# Form G-325A employer's name/address question



## FinkleBee (May 7, 2008)

Hi there.

My fiancee and I are at the early stages of applying for the K-1 fiance visa. I currently work part-time as a humble cleaner at a school in the UK (I have Asperger's and find it hard to do more) and we both have this G-325A form to fill in with basic details. I am already stumbling! Alas I am not great with forms.

I just really wanted to know what I'm meant to put in the employer's name and address box. I mean do I simply write the school's address, or do I write (which I _now_ think) the address of the local County Council, since technically _they_ are my employer's and the wages bill each month lists them in that role. As I say I'm now coming around to the latter but I wanted an opinion or two first, although I do need to send the form off to my fiancee in a couple of days so quick help appreciated. I feel a bit funny/off not listing the school at _all_ on the form in that section, but I don't want to write it after the County Council address (like "On behalf of XXX School") as it may just confuse matters.

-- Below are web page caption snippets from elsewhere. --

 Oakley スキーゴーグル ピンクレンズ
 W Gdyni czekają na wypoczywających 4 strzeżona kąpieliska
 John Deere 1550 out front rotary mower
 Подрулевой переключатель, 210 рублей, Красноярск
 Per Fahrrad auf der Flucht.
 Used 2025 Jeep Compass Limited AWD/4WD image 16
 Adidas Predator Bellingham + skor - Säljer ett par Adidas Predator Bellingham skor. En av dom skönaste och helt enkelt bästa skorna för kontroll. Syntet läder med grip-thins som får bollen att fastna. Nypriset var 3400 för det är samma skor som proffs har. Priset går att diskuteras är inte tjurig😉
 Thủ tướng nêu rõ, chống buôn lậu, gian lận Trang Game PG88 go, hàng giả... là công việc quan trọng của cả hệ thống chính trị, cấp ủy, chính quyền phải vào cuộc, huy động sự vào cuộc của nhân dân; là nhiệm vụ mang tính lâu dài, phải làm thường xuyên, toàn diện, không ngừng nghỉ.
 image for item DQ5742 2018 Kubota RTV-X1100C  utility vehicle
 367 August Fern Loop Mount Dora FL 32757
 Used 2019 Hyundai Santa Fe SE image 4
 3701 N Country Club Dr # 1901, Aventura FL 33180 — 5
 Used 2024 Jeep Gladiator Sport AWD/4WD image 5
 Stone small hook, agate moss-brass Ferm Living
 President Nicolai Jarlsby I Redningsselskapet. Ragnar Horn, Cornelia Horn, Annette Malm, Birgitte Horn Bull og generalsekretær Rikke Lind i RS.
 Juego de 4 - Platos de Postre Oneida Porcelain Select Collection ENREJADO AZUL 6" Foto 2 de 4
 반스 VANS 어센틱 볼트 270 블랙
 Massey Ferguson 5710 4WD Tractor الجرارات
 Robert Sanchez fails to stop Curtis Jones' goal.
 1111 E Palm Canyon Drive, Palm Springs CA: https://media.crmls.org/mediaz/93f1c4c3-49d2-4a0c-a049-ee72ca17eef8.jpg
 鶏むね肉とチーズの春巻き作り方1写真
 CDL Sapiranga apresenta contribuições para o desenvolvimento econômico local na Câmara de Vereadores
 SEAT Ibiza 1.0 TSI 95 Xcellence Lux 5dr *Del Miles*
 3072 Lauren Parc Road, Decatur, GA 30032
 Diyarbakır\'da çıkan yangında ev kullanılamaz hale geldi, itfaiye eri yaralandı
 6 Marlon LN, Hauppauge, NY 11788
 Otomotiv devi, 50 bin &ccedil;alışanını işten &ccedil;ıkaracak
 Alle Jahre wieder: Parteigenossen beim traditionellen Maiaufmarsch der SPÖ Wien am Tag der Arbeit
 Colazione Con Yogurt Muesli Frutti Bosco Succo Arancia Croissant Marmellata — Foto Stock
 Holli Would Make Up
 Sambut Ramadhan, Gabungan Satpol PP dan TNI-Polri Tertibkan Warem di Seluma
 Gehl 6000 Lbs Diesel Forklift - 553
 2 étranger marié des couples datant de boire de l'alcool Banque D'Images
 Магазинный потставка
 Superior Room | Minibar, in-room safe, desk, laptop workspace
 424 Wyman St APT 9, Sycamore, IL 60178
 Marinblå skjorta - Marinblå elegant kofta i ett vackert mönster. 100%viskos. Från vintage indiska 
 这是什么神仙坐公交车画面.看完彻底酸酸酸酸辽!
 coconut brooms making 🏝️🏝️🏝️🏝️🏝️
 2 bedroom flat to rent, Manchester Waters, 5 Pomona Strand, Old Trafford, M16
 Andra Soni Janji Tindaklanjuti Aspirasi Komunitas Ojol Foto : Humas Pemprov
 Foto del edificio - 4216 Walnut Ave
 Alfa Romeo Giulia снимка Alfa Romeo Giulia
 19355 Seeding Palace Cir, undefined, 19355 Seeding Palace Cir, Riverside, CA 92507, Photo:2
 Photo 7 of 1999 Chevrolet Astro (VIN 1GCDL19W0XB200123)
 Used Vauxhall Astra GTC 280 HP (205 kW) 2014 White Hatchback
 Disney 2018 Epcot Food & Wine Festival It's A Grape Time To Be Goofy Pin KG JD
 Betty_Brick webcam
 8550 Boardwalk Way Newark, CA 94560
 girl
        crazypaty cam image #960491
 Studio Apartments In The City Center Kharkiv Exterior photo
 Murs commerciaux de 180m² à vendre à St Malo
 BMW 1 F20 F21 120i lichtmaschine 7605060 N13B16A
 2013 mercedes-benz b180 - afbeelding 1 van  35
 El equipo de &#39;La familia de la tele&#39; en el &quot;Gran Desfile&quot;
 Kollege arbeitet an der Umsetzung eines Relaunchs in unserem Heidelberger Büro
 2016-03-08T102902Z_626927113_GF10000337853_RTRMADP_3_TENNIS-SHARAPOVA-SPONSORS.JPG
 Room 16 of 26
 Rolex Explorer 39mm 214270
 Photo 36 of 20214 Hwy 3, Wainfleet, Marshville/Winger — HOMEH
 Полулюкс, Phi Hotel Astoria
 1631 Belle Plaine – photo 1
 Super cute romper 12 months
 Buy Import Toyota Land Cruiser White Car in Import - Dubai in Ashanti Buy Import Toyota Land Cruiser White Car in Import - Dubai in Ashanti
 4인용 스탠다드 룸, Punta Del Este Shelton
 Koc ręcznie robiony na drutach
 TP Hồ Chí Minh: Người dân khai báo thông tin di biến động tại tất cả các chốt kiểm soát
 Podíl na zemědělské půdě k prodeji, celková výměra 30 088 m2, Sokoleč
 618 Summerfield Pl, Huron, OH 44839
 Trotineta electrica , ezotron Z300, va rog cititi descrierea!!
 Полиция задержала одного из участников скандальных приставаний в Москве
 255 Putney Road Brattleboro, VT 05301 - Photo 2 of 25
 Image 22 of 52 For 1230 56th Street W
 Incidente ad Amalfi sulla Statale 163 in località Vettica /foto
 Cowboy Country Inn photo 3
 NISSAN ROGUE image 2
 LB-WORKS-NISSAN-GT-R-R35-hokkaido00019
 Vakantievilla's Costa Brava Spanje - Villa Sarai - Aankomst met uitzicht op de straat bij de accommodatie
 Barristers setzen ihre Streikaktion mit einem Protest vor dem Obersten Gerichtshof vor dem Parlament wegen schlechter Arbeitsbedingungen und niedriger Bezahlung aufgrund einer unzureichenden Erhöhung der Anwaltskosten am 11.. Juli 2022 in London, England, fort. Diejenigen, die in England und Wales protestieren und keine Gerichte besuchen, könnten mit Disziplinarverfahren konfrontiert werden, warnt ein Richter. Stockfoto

Many thanks for your time and assistance.


----------



## siobhanwf (Mar 20, 2009)

You posted this thread to the USA forum I have moved it to UK


----------



## nyclon (Apr 3, 2011)

siobhanwf said:


> You posted this thread to the USA forum I have moved it to UK



This thread was posted 8 years ago. . And the K-1 visa she refers to is a US visa, not a UK visa. So, I've moved it back to the US and I'm closing the thread.


----------